In posting alphabetically on themes of gratitude over the last month I have considered a great deal. Thought of what makes me smile and laugh, reflected on what has kept me going during times of difficulty. I sit in awe of what my parents share, they have a lifetime together, their lifetime created mine and through all the chaos I created my Mum and Dad have been a constant support.

A terrible teenager I put strain on the patience of my parents, a strain that most would have buckled under, but they never turned away. When I left, moved out at only 17 I wanted to prove my parents wrong, it didn’t work out that way but not once did I hear the words “I told you so”. Now as I face the trials of a teenager’s parent I cringe to think what I subjected them too, but I thank them with an open heart for their example has been an inspiration to me.

My greatest fear in posting this on my blog is that I fail to convey the patience, love and kindness my mum and dad have bestowed on my life. It is so easy to take things for granted, I love my parents very much, for the examples they have set and the inspiration they continue to be. I am the luckiest daughter of a Vicar and a Circus Performer and will always be grateful that they are parents to me.

N- never give up, need help? Noggin!

No way, we have got to N! All of the fabulous A to Zeders are now over halfway through the challenge. My oh my doesn’t time fly. Now to all of those who are following the April A to Z challenge a shout out, I am grateful that you haven’t given up, I am thankful that so many have popped over to see what I am up to at Tales of Tedium, I am pleased to be enjoying so many of the posts that you have all shared so far. To the readers who are not taking part if you would like more information on the challenge, please see http://www.a-to-zchallenge.com/


Now to my N day, although really it is a bit of a D-day in my little part of the planet, I have one of those meetings that no one wants to attend, one of those meetings that are necessary . I shall not bore you with the details but I am hoping that after 2pm today I can say that I am pleased I have not given up.

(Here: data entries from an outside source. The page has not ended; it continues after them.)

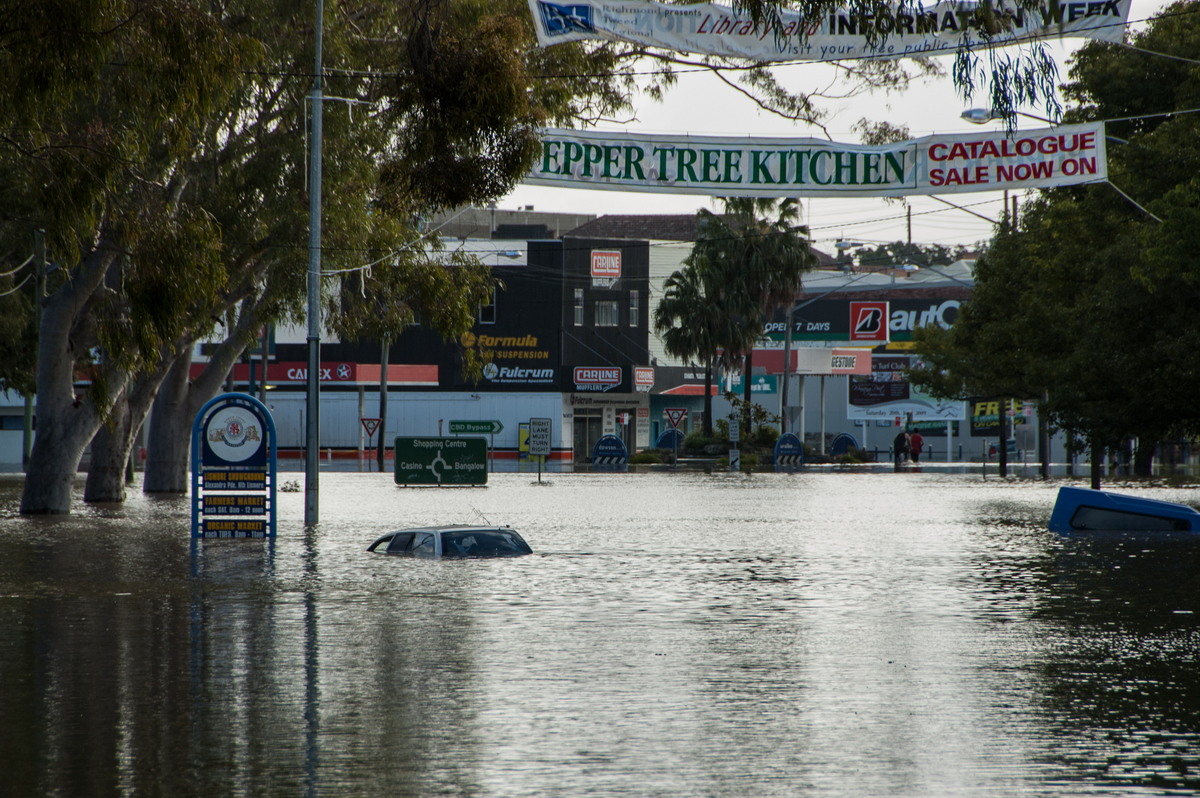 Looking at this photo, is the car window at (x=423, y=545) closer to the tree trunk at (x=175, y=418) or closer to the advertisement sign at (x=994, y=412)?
the tree trunk at (x=175, y=418)

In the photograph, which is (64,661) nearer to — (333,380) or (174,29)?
(174,29)

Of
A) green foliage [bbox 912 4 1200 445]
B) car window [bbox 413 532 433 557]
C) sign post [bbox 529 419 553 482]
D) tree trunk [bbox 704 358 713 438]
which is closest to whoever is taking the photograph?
car window [bbox 413 532 433 557]

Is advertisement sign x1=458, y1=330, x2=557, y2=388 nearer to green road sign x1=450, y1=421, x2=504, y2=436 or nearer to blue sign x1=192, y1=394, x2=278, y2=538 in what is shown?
green road sign x1=450, y1=421, x2=504, y2=436

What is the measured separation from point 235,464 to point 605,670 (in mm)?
12327

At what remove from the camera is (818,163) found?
20.1m

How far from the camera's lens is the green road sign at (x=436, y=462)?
40406mm

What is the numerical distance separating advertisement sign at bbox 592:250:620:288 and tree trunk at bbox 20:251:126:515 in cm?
4650

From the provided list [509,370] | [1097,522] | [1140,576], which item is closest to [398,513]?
[1097,522]

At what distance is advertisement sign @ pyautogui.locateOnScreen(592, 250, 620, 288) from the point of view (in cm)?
7294

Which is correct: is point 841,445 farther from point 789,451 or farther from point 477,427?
point 477,427

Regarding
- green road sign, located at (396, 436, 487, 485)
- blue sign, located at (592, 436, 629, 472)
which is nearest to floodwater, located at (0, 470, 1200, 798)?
green road sign, located at (396, 436, 487, 485)

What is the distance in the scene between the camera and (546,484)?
136 feet

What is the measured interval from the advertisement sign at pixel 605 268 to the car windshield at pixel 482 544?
55.0 meters

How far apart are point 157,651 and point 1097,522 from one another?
16685 mm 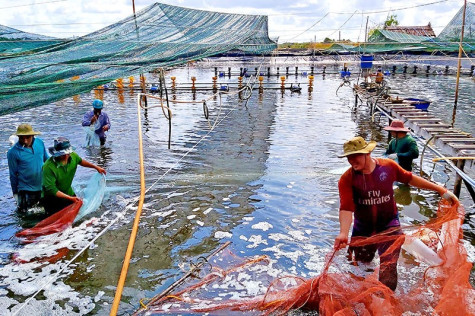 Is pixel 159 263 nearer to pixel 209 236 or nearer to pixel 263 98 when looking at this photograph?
pixel 209 236

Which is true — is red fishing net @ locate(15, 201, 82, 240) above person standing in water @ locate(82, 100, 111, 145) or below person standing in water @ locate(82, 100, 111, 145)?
below

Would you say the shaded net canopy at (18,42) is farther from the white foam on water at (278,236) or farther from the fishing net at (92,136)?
the white foam on water at (278,236)

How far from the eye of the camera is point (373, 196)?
4031 millimetres

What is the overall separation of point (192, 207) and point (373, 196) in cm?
416

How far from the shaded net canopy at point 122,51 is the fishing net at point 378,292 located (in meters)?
3.78

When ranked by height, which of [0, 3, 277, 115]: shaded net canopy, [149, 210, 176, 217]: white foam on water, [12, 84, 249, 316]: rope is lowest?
[149, 210, 176, 217]: white foam on water

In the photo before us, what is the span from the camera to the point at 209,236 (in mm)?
6391

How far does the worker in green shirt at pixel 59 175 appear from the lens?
5.84 metres

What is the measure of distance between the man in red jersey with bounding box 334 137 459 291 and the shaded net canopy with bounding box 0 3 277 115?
14.8 feet

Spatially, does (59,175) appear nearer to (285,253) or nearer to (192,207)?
(192,207)

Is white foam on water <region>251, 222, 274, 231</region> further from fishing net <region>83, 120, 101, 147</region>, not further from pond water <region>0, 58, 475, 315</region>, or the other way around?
fishing net <region>83, 120, 101, 147</region>

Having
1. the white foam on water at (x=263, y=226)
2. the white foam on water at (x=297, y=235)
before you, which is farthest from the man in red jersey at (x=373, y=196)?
the white foam on water at (x=263, y=226)

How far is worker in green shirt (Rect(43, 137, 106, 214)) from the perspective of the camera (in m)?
5.84

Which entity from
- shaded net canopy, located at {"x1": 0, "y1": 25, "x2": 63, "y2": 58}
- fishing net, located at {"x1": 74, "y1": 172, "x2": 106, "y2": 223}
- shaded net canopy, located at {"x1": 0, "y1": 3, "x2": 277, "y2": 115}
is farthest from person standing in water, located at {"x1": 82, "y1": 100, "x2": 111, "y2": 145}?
fishing net, located at {"x1": 74, "y1": 172, "x2": 106, "y2": 223} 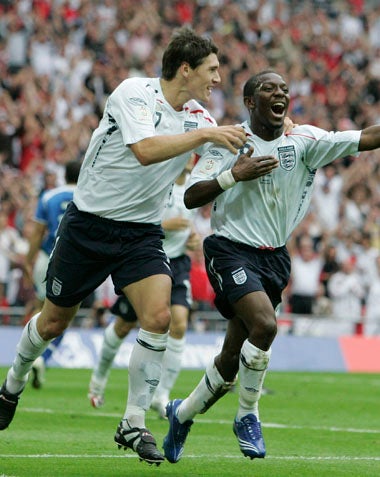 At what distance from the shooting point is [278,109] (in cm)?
789

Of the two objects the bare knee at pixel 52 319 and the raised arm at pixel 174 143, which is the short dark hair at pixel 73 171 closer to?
the bare knee at pixel 52 319

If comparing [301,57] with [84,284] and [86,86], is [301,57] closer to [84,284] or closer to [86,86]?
[86,86]

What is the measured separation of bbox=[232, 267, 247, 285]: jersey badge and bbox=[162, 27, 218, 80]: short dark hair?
1.37 m

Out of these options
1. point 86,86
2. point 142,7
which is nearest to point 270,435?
point 86,86

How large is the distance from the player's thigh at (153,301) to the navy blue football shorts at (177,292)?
395 cm

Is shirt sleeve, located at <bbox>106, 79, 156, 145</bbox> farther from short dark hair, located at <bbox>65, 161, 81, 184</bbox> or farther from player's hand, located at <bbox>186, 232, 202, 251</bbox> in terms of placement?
short dark hair, located at <bbox>65, 161, 81, 184</bbox>

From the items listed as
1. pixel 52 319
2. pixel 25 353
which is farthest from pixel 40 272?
pixel 52 319

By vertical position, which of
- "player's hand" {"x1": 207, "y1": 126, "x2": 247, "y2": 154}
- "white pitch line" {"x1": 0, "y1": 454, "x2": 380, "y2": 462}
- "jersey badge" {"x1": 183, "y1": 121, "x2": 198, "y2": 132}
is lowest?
"white pitch line" {"x1": 0, "y1": 454, "x2": 380, "y2": 462}

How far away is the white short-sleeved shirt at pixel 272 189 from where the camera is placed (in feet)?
25.9

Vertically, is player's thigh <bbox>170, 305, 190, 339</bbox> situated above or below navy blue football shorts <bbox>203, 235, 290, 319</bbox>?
below

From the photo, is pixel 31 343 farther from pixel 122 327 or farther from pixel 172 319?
pixel 172 319

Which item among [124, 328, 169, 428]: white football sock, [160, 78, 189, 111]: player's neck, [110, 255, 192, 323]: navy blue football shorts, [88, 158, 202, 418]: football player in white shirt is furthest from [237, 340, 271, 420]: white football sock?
[110, 255, 192, 323]: navy blue football shorts

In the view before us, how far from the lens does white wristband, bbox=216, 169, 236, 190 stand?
24.6 feet

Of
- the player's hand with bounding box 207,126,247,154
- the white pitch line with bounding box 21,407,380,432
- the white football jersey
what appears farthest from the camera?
the white football jersey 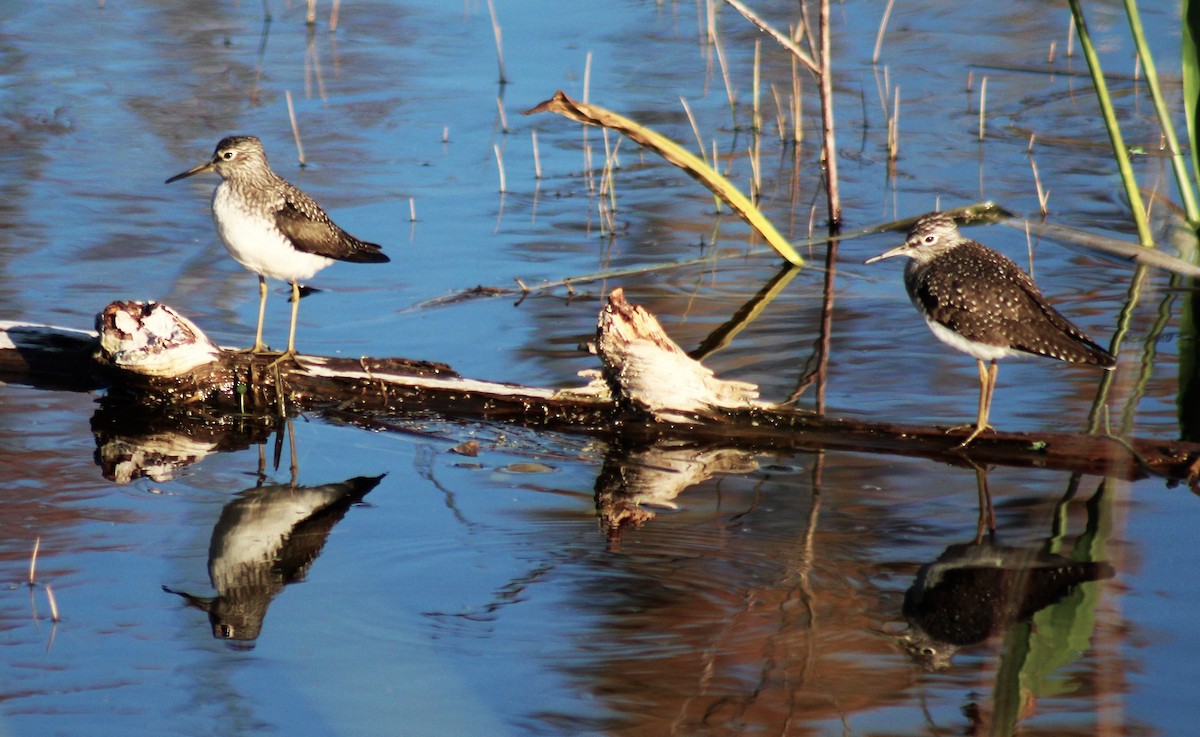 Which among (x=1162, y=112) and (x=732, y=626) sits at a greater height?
(x=1162, y=112)

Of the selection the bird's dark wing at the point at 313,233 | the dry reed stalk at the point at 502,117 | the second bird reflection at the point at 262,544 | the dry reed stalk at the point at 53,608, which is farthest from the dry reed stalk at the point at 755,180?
the dry reed stalk at the point at 53,608

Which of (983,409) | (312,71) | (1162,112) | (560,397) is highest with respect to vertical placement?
(1162,112)

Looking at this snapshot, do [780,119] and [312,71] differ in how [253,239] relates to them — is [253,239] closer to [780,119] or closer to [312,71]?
[780,119]

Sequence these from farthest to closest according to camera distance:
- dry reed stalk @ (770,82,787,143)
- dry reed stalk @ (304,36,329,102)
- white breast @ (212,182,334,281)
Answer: dry reed stalk @ (304,36,329,102)
dry reed stalk @ (770,82,787,143)
white breast @ (212,182,334,281)

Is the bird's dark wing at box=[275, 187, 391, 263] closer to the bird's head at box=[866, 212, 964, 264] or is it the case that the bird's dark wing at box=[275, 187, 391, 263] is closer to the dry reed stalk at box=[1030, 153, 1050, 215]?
the bird's head at box=[866, 212, 964, 264]

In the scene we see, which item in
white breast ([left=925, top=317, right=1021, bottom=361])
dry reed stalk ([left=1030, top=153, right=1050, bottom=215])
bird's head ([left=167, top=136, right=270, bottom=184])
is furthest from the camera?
dry reed stalk ([left=1030, top=153, right=1050, bottom=215])

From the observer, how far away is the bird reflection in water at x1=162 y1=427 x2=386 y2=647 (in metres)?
5.21

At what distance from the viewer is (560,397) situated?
6844mm

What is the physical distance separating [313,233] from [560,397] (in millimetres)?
1775

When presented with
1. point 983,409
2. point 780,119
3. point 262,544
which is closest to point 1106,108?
point 983,409

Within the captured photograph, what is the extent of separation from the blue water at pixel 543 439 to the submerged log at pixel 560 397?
5.4 inches

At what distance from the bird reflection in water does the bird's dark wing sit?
5.32ft

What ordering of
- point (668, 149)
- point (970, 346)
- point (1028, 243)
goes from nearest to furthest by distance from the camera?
point (970, 346)
point (668, 149)
point (1028, 243)

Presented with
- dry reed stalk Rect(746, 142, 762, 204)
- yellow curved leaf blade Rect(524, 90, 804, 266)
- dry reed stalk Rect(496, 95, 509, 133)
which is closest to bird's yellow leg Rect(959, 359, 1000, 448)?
yellow curved leaf blade Rect(524, 90, 804, 266) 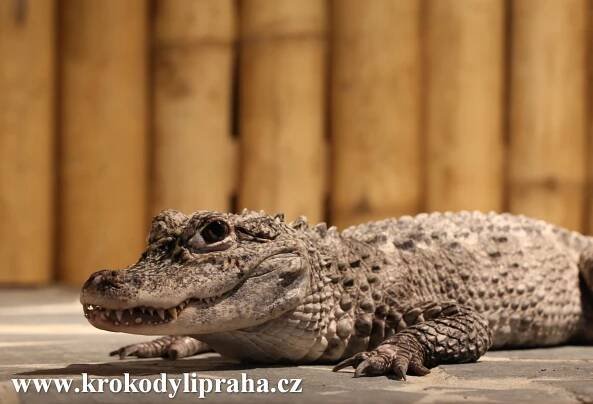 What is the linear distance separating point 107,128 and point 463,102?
76.6 inches

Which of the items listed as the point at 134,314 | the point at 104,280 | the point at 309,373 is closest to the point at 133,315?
the point at 134,314

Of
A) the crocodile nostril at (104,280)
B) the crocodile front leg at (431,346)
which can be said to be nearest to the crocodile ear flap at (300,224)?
the crocodile front leg at (431,346)

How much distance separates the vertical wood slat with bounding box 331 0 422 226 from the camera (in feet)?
18.3

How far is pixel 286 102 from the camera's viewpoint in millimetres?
5633

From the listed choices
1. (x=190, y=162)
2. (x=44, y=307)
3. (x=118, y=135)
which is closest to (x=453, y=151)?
(x=190, y=162)

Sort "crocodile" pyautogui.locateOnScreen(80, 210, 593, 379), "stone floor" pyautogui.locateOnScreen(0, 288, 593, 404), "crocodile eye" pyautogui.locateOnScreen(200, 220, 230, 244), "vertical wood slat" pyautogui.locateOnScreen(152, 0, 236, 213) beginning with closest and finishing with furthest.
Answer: "stone floor" pyautogui.locateOnScreen(0, 288, 593, 404)
"crocodile" pyautogui.locateOnScreen(80, 210, 593, 379)
"crocodile eye" pyautogui.locateOnScreen(200, 220, 230, 244)
"vertical wood slat" pyautogui.locateOnScreen(152, 0, 236, 213)

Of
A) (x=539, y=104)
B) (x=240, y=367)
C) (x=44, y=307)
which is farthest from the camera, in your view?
(x=539, y=104)

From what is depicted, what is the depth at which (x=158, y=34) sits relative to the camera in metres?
5.83

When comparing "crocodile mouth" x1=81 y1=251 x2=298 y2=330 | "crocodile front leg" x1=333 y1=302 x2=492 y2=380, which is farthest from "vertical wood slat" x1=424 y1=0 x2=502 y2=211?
"crocodile mouth" x1=81 y1=251 x2=298 y2=330

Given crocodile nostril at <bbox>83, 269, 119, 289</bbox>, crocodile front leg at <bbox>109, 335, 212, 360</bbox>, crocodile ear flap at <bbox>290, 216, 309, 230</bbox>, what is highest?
crocodile ear flap at <bbox>290, 216, 309, 230</bbox>

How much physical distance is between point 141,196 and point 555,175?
2.24 meters

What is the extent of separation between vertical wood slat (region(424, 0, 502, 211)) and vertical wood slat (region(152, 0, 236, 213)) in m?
1.10

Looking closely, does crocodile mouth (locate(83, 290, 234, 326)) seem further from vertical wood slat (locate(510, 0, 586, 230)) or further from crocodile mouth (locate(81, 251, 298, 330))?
vertical wood slat (locate(510, 0, 586, 230))

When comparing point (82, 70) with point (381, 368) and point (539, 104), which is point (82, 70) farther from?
point (381, 368)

Knowing when to say No, knowing when to stand your ground is an admirable quality, while studying I was told that I was “tenacious” by a certain tutor; I took this as a compliment for I am proud to be determined. But that compliment was given on a day when I learnt a significant lesson , the day I asked for help, sometimes no matter how determined we are we need to swallow our pride and admit that we need support or assistance. Today is one of those days.

N can represent all manner of things that I am grateful for. Nuts, I do mean the edible variety; there is nothing nicer than a good nut roast with mushroom gravy on a lazy Sunday. Noodles, soft delicately flavoured with broccoli and perhaps a sweet-chilli sauce. (Breakfast should be eaten before blogging to avoid over foody moments) None perhaps should detract from the Noggin.

My Dad always told me to use my noggin, for those who may not be familiar with the term the noggin is the head. I am glad he took time to tell me this, to give me the opportunity to find my own solutions. He took time to stand and watch while I worked it out, but was on hand if I needed help.
Now I have a teenager of my own I can think back to those noggin needed moments and really appreciate the amount of patience taken. To be sure the noggin was not in use when he tried to fix the Hoover, it resembled a Meccano set when he had finished with it, the vacuum died that day. The day my dear Dan cleaned the kitchen and washed the kettle out with fairy liquid well, there were bubbles but at least he tried. I wish my boy would use his noggin and I am sure that he will ONE DAY!

Now more than ever I am pleased to have been taught to never give up, to have learnt when to say I need help and most of all I am grateful that I use my noggin.